_Exercise directions:_ Only these lines of the data below are wanted: the one with "BINGJU – 10", the one with "時差ボケになると現れる症状", and any lines between them, each repeated exactly.

_Given data:_
------------------------------

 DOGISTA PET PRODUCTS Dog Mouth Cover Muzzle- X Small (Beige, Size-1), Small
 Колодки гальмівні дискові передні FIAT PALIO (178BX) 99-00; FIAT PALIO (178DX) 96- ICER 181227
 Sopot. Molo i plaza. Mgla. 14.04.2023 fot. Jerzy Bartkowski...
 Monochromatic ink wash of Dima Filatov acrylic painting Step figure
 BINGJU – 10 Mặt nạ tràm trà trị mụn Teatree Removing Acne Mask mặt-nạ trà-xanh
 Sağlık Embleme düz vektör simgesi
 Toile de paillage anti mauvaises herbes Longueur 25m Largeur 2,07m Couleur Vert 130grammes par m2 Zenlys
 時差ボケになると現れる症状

------------------------------

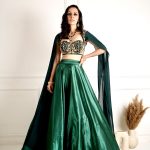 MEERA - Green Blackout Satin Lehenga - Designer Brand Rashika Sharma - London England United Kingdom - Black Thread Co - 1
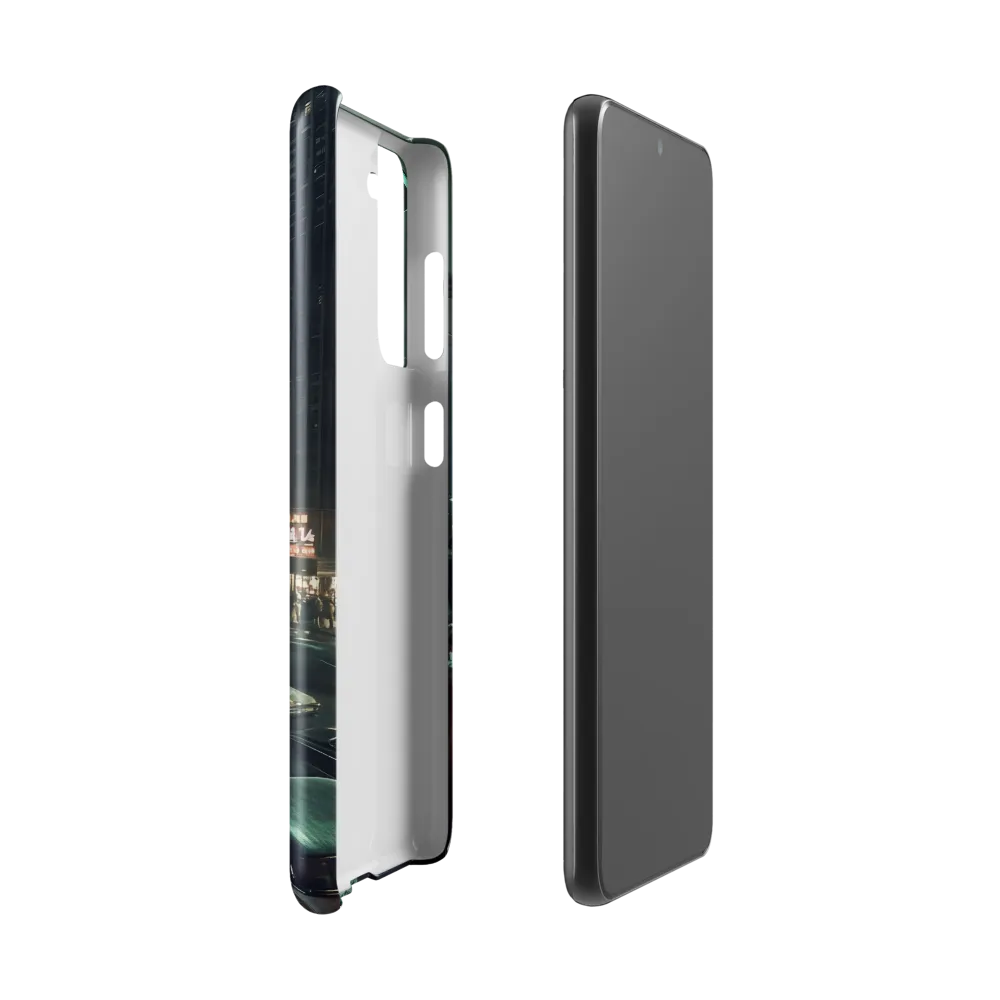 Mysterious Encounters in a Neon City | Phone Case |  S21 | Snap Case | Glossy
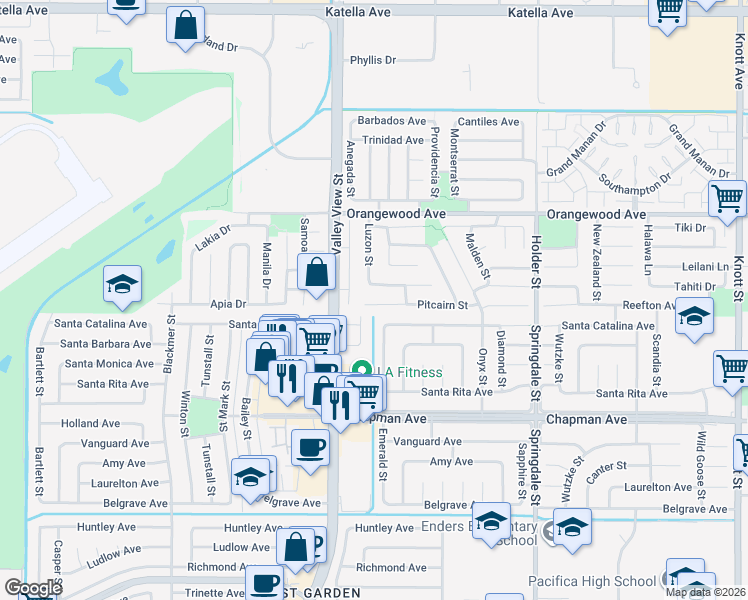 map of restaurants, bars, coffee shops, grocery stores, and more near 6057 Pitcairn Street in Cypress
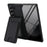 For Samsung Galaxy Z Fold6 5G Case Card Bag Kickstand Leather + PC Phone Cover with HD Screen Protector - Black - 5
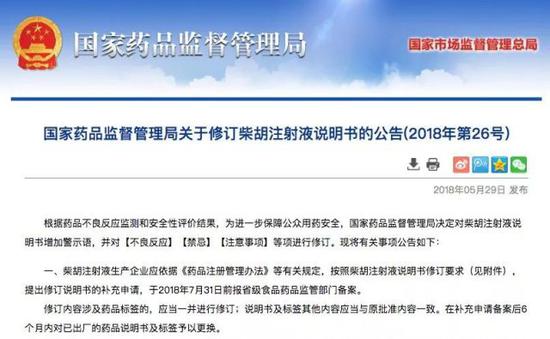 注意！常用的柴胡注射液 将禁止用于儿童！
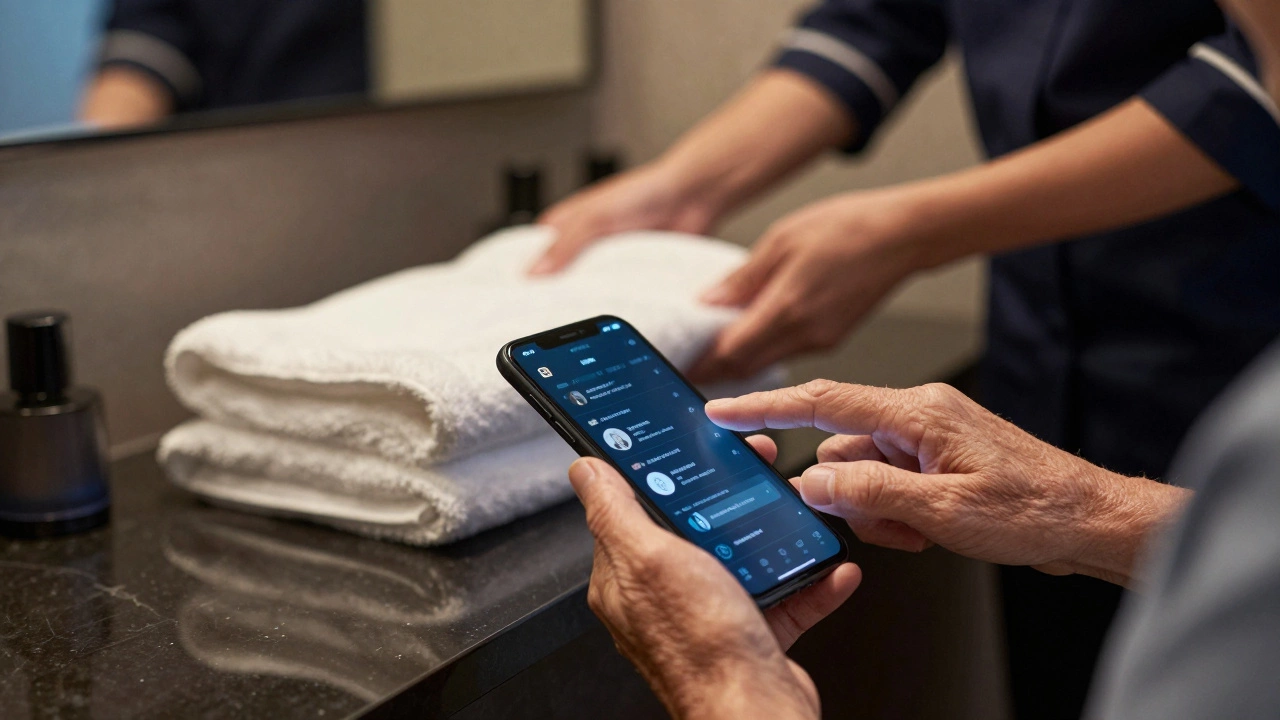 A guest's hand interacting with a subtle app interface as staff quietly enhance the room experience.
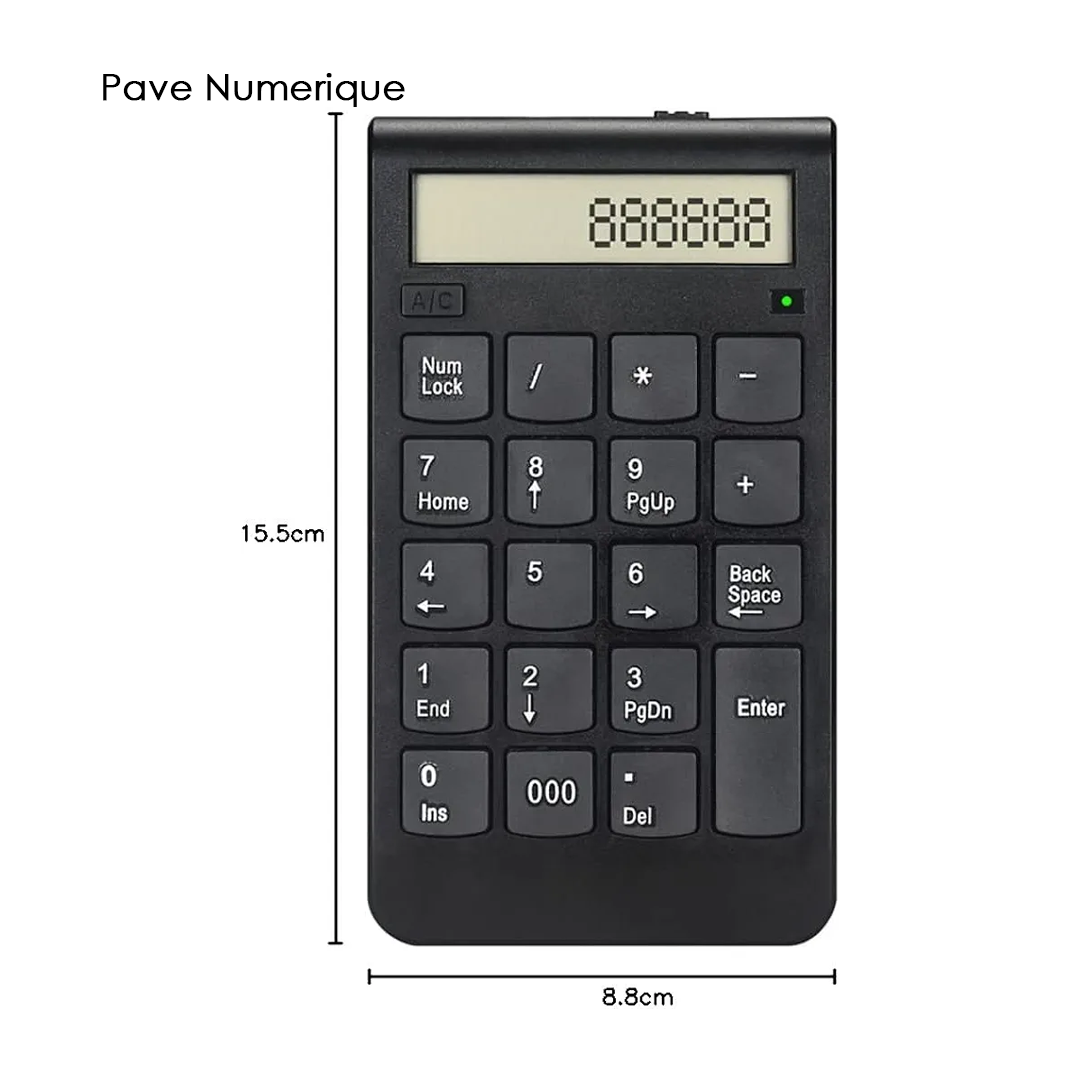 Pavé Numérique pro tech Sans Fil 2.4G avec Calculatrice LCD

------------------------------

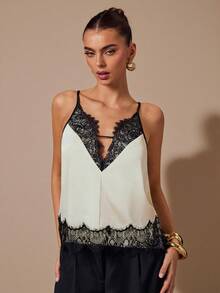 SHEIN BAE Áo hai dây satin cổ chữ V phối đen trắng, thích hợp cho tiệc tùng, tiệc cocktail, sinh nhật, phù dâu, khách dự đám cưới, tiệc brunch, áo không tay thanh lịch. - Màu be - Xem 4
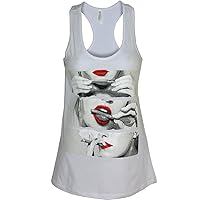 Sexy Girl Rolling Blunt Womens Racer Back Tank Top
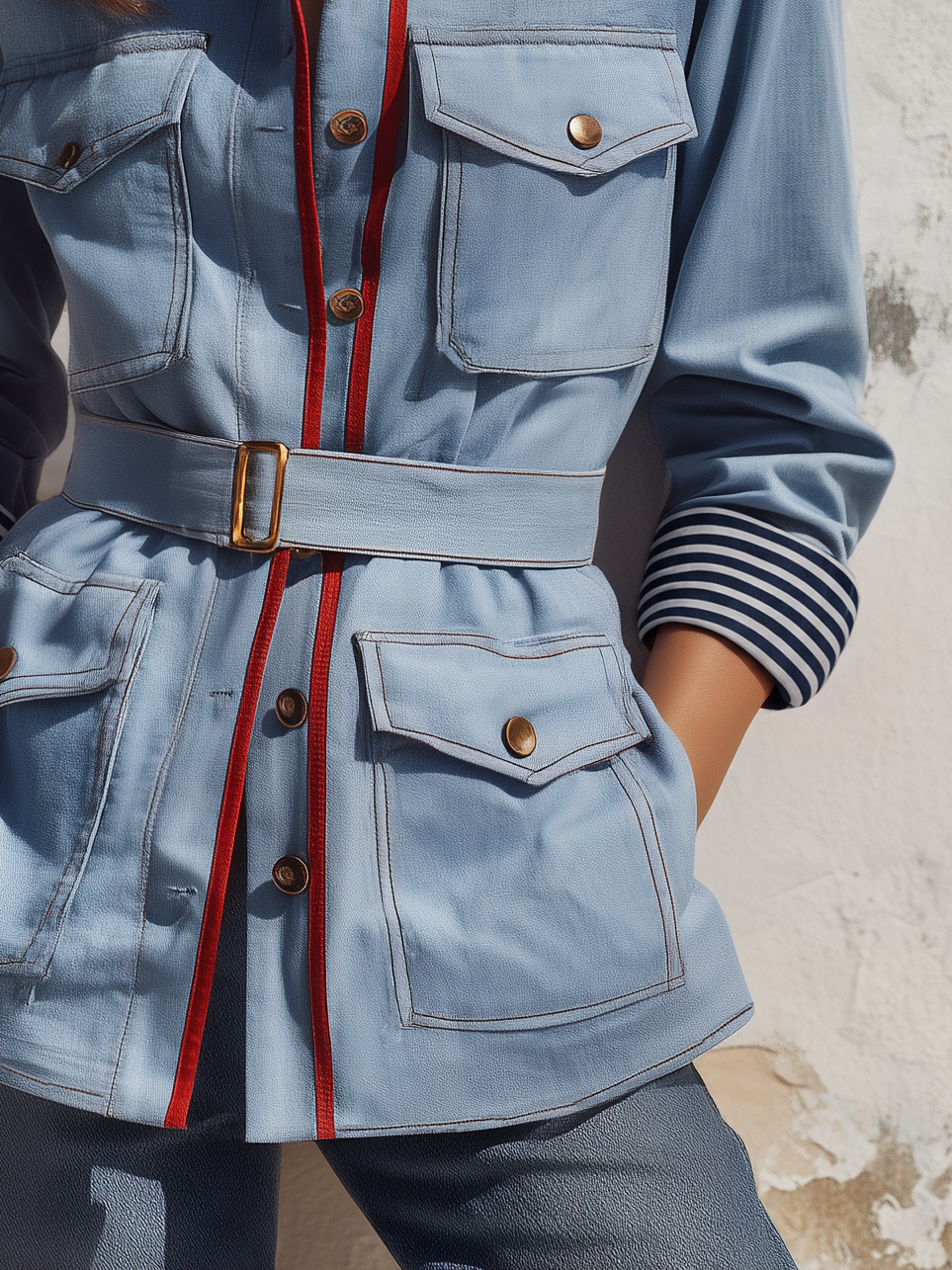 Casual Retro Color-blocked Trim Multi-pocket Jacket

------------------------------

_Solved problem:_
 BINGJU – 10 Mặt nạ tràm trà trị mụn Teatree Removing Acne Mask mặt-nạ trà-xanh
 Sağlık Embleme düz vektör simgesi
 Toile de paillage anti mauvaises herbes Longueur 25m Largeur 2,07m Couleur Vert 130grammes par m2 Zenlys
 時差ボケになると現れる症状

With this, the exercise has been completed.